Today all three of us were together again for the gazing. Nikki and I introduced Brett to our grassy mound and we all settled in for the near minute of gazing. I forget to mention that our grassy mound is covered in cacti and passion fruit vines, but I became fully aware of that fact this morning as I pulled my sock off and smashed the bottom of my foot into a cactus pedal. At first it felt like a mild prick but then I looked down and found twelve, count them, twelve long prickers sticking out of the bottom of my foot. That’s when the panic set in. I began to yelp in horror and grabbed Nikki’s shoulder because I couldn’t set my foot down until I had pulled all these monstrous earth daggers from my sole. A few of them even drew blood. Once my foot was clean, and Nikki and Brett were done giggling at me, I set it trepidatiously on the earth, ignored the mild sting to my body and my ego and got ready to greet the sun. Brett told me later that it must have been the acupuncture that I needed. I could have accu-punched him in the face, I’d prefer to have my acupuncture done in a cozy room with candles, incense and a nice lady playing Gregorian chant as she gently warns me before every needle goes in. The cactus had absolutely no bedside manner.

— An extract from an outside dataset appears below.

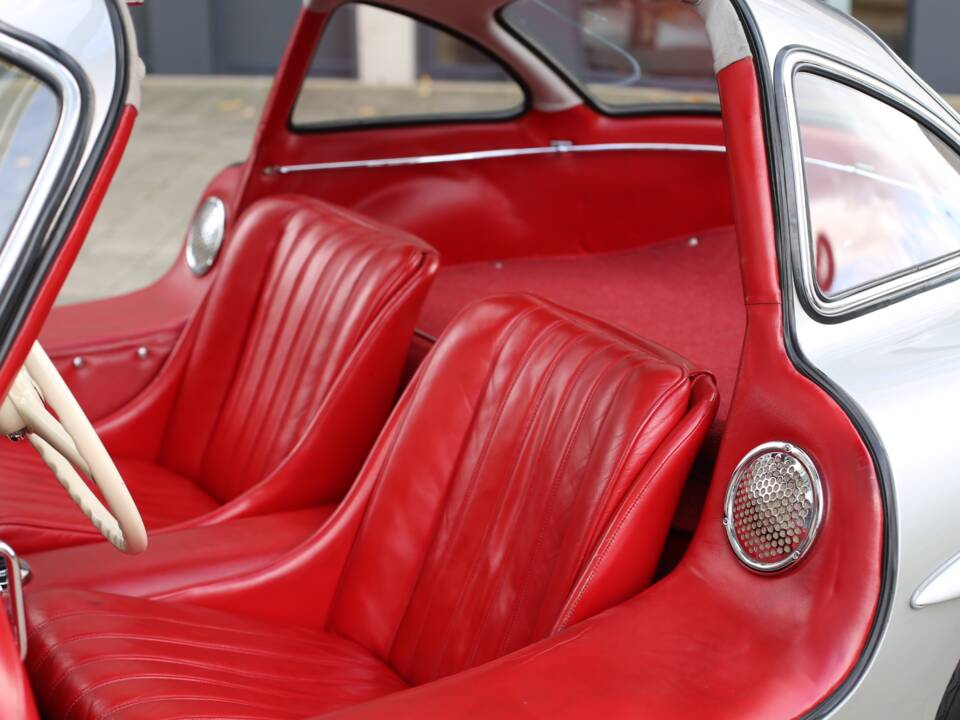 Image 25/37 of Mercedes-Benz 300 SL "Gullwing" (1954)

Once the fifty seconds was over I blinked myself back to earth, wiped the lubricating tears from my brightening eyes and let out a refreshing breath of triumph. Nikki and I looked over at Brett who was still motionless, wide eyed and hooked in. I told him to stop and he said he could go longer. I told him how the sun was addicting and he just said good with a shoulder shrug and wouldn’t or couldn’t look away. I saw him experiencing today what I went through on day three, the sun pulls us in and says in a warm tone “make yourself at home.” And that’s just what Brett was going to do. After a few more seconds he heeded our admonitions and broke his gaze.

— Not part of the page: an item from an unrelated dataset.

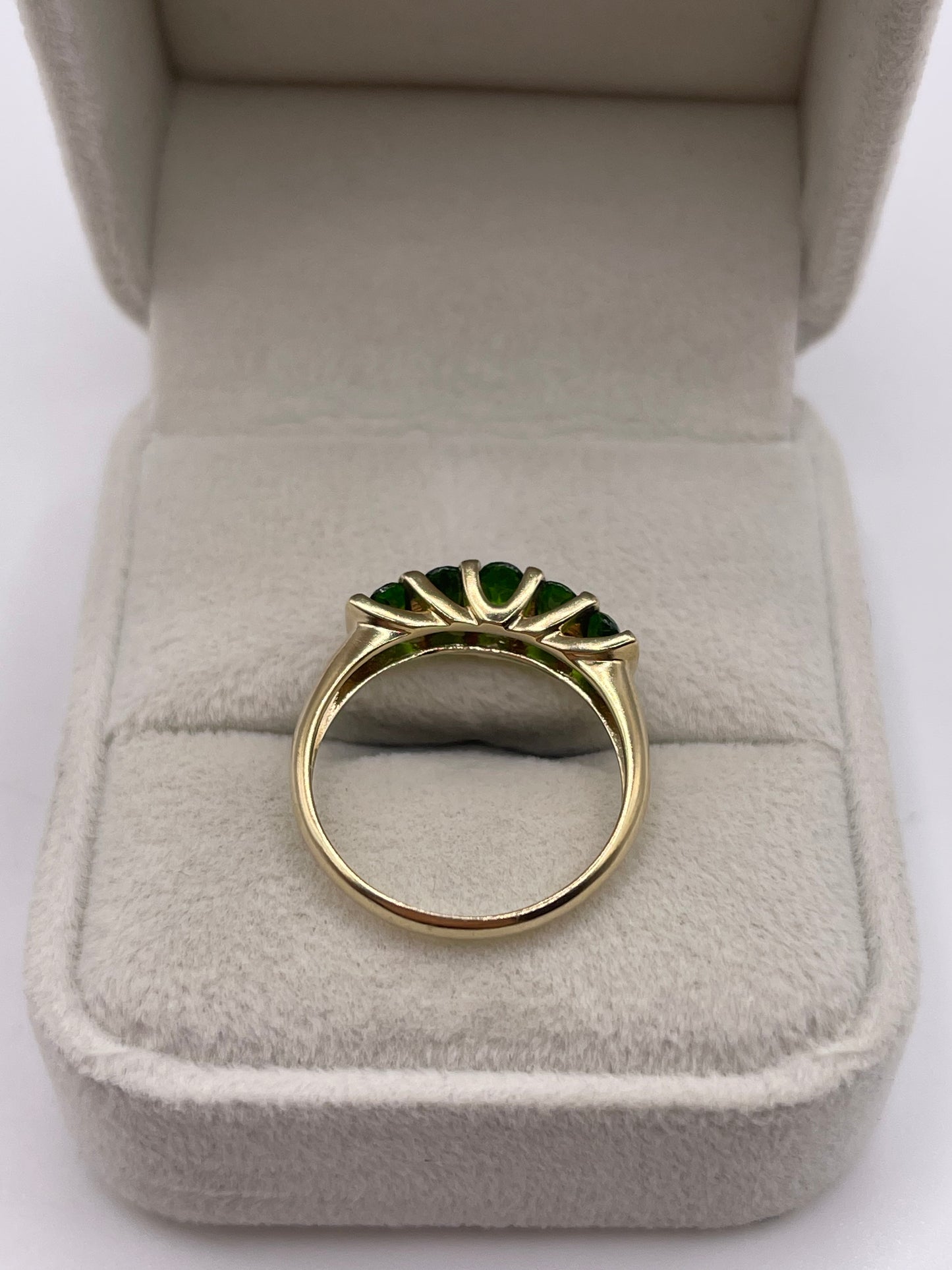 9ct gold diopside ring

The sun has us hooked. Brett describes the initial few seconds of the gaze as an intense brightness that suddenly explodes outwards in a ring far around the glowing ball and then disappears, leaving a gentle globe of fluttering candle light behind that becomes easy to stare at. He describes his excitement to me because everything he has been hearing about the gazing has proven true in the first week and first minute. It does get easier. It is possible to gaze deeply at it. It does charge your emotional body with excitement and bliss. And so the expectation of where this potential can take us is limitless, it stretches as far out into the universe as the sun’s light stretches out to us. Brett and the sun are in a courting phase. The sun is wooing him and he is being wooed. I catch them stealing glances at each other throughout the day, and on occasion he sheepishly confesses to me that he peeks at it even at high noon and any chance he gets.
Seeing their love affair validates my own journey. The gnawing feeling that I am being totally, hilariously, crazy is undercut by my two gazing partners, who approach this experiment with a merry childlike wonder and faith that strengthens my own. When I entertain thoughts of how dumb this all is, or how it puts me on the fringes of society, I just remind myself that society is currently insane and I’ve been having more fun out here on the fringes than I ever did when I was chasing the typical American dream. I’m chasing my own dreams now, and you just can’t put a price on that.
SIDE EFFECTS: A cactus may stab you twelve times in the foot.
BENEFITS: 1. My partners seems to be going through the same things, so the sun is breeding an intimacy between us. 2. The indescribable experience of internal expansion is still happening. It’s hard to put this into words. The sun is putting an armor around me, making me less sensitive and more sensitive at the same time.